## PROVIDED DATA
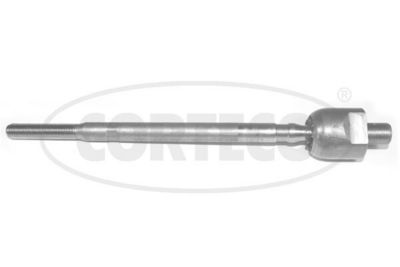 Осевой шарнир, рулевая тяга CORTECO 49400173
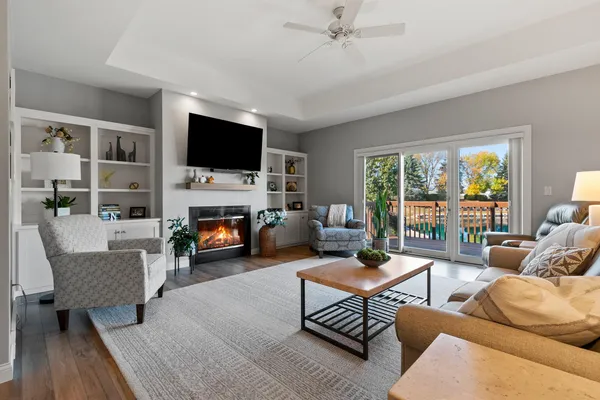 $449,900 | 1724 Remington Ridge Way, De Pere, WI 54115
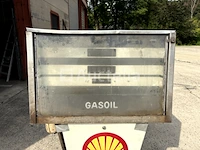 Brandstof pomp shell - afbeelding 11 van  12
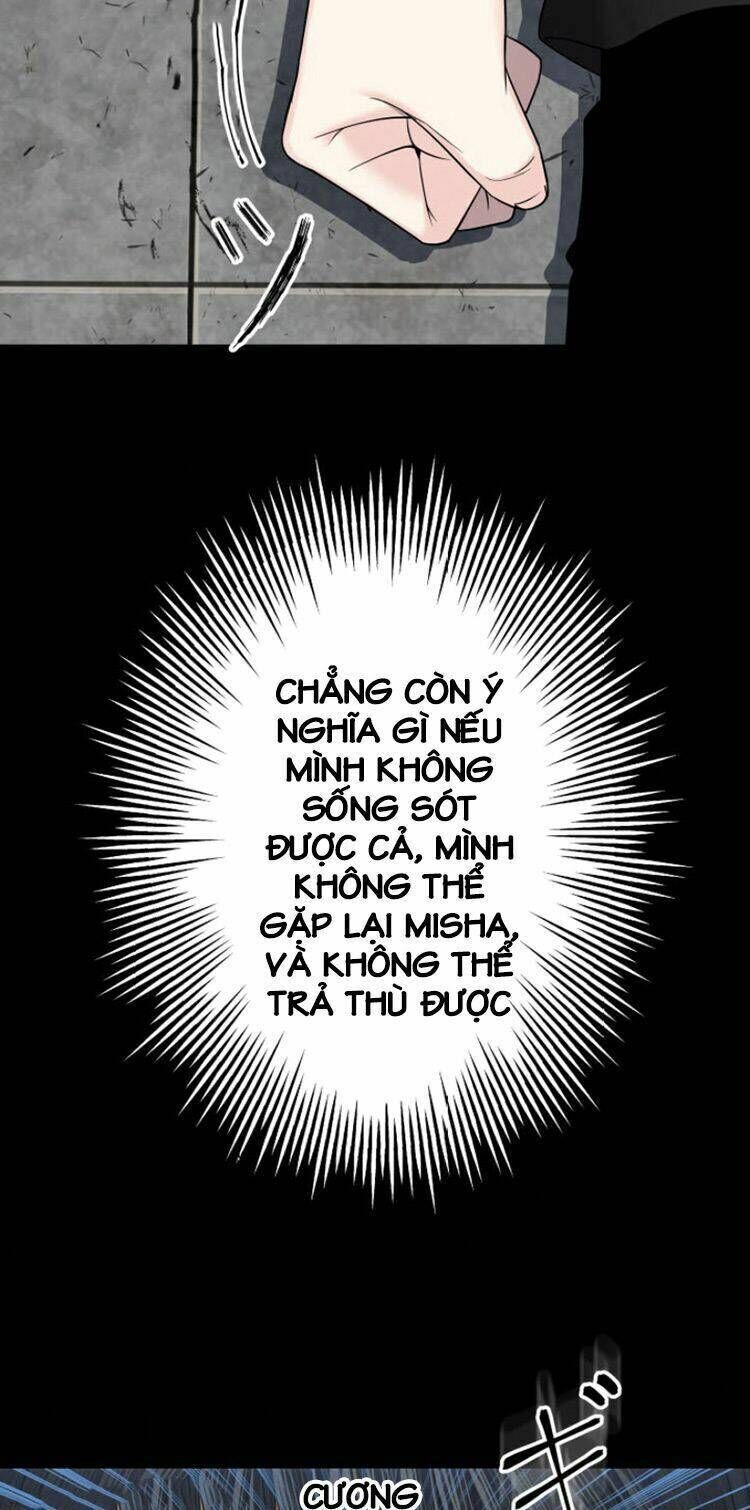 trò chơi của chúa thượng chapter 2 - Trang 2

## TASK GOAL
Leave the pictures out and reproduce exactly the lines from the line with "Brandstof pomp shell" to the end of the material above.

## SOLUTION TO THIS PROBLEM
 Brandstof pomp shell - afbeelding 11 van  12
 trò chơi của chúa thượng chapter 2 - Trang 2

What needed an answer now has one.